What is Building Biology?
Building Biology is the science of how the places we live affect our health — and the practice of making them healthier.
Also known as Bau-Biologie, or “building for life,” it’s an interdisciplinary approach to understanding how our built environments shape our wellbeing. Rather than guessing, it uses science-based standards to measure what’s actually present in a home: the air we breathe, the water we drink, the electromagnetic fields around us, and the moisture and materials that surround us every day. The goal is simple and deeply human — living and working spaces that genuinely support the people inside them.
Where It Comes From
Building Biology took root in post-war Germany, a period of rapid reconstruction that leaned heavily on synthetic materials, new construction methods, and chemical-based products. In the 1960s, building scientist Dr. Anton Schneider — often called the father of Bau-Biologie — began noticing a pattern: as building practices modernized, so did complaints of fatigue, allergies, and respiratory trouble. His research into what makes an indoor environment truly healthy became the foundation of the field and led to the Institute of Building Biology & Sustainability (IBN).

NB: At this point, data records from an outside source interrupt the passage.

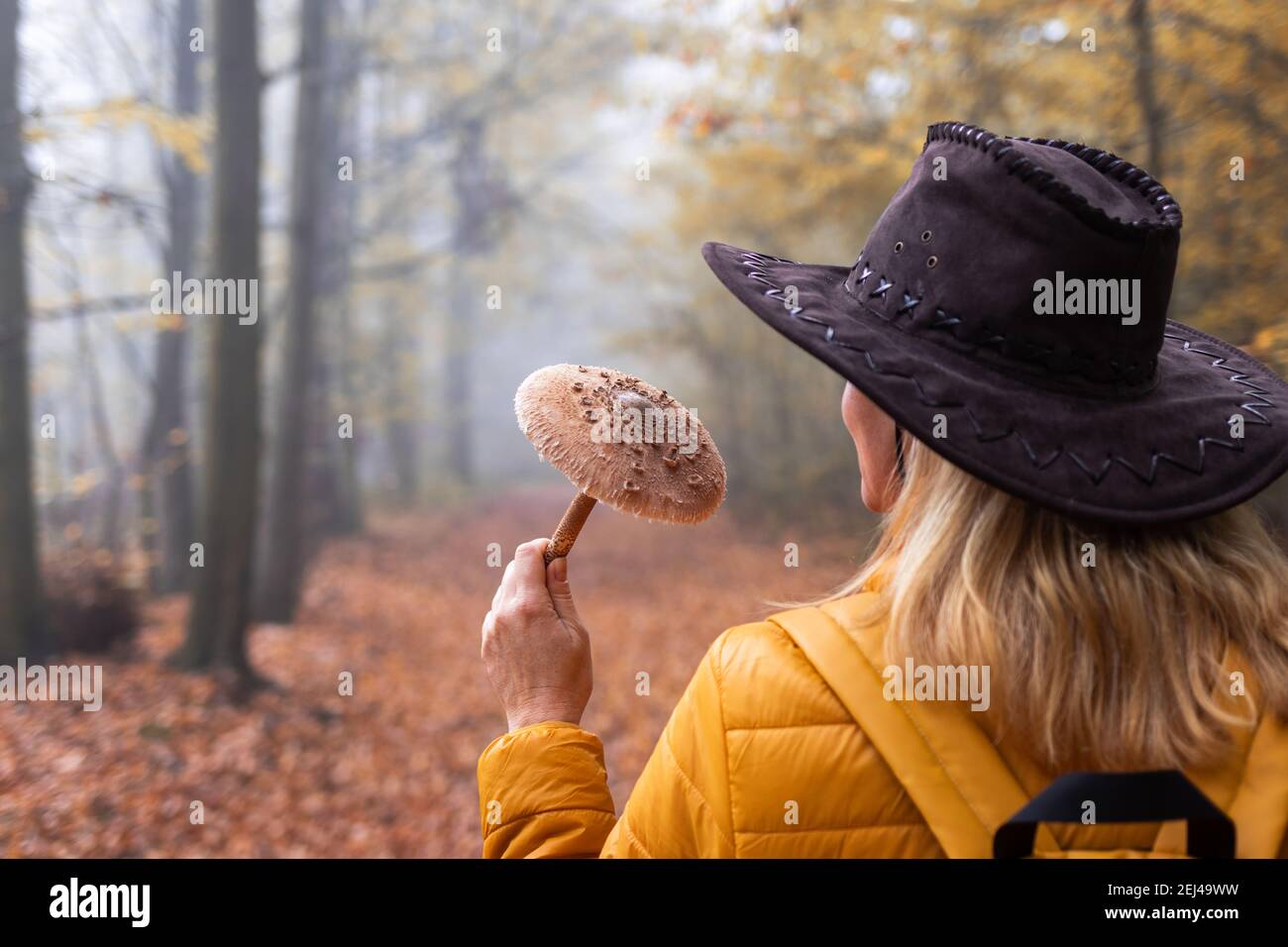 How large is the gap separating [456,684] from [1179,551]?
7.92 metres

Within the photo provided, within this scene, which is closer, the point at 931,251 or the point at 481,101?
the point at 931,251

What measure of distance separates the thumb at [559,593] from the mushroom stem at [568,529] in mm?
17

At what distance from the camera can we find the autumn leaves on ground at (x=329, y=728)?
5258mm

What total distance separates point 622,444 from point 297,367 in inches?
347

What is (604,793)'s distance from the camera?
1534 millimetres

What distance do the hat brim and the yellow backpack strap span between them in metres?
0.33

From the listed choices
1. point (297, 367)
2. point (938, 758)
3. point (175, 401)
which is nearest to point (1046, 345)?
point (938, 758)

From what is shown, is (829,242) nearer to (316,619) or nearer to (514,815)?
(316,619)

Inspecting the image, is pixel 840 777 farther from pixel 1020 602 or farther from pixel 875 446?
pixel 875 446

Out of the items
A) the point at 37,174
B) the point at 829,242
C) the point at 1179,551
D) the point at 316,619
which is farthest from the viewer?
the point at 829,242

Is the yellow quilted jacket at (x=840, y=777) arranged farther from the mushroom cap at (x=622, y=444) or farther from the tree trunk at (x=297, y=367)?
the tree trunk at (x=297, y=367)

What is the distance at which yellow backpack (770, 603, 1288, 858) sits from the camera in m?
1.05

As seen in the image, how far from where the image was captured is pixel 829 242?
1320 centimetres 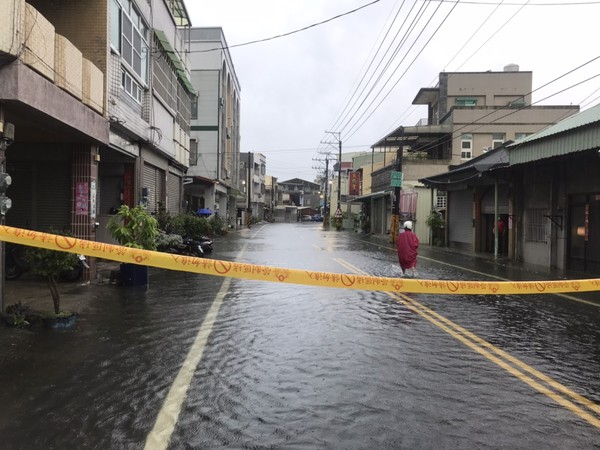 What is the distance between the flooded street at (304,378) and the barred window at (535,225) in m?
9.69

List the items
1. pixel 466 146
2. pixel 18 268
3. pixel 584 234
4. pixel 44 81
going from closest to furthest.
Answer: pixel 44 81 → pixel 18 268 → pixel 584 234 → pixel 466 146

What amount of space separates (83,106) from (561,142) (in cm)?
1215

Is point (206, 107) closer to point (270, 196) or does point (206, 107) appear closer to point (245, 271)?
point (245, 271)

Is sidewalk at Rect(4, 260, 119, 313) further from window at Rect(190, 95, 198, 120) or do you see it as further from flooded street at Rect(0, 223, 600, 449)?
window at Rect(190, 95, 198, 120)

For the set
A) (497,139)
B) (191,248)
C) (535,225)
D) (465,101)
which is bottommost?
(191,248)

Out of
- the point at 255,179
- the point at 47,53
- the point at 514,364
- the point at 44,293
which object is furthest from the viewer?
the point at 255,179

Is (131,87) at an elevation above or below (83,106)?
above

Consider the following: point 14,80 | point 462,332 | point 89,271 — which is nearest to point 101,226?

In the 1980s, Helmut Ziehe brought these ideas to the United States and founded what is today the Building Biology Institute. Though it began in Germany, Building Biology now resonates worldwide, sharing common ground with green building, biophilic design, and sustainable architecture.
What a Building Biologist Does
A Building Biologist evaluates a home against established health benchmarks — assessing indoor air, mold and moisture, water quality, materials, ventilation, and electromagnetic fields. Where a home inspector asks whether a house works, a Building Biologist asks whether it supports the health of the people living in it. From there, the work is about turning measurements into clear, evidence-based recommendations you can actually use.
How We Practice It at Hazel Solutions
We practice Building Biology the way we believe it’s meant to be practiced: measurement-first, vendor-neutral, and free of fear. We don’t sell products or perform remediation — we measure, we explain in plain language, and we hand you honest answers you can trust and act on however you choose.
We also approach every home like an investigation. Rather than simply documenting what’s visible, we trace what we find back to its source — whether that’s a wiring fault behind an elevated field or the moisture behind a mold problem. It’s a careful, curious, respectful way of working, and it’s at the heart of everything we do.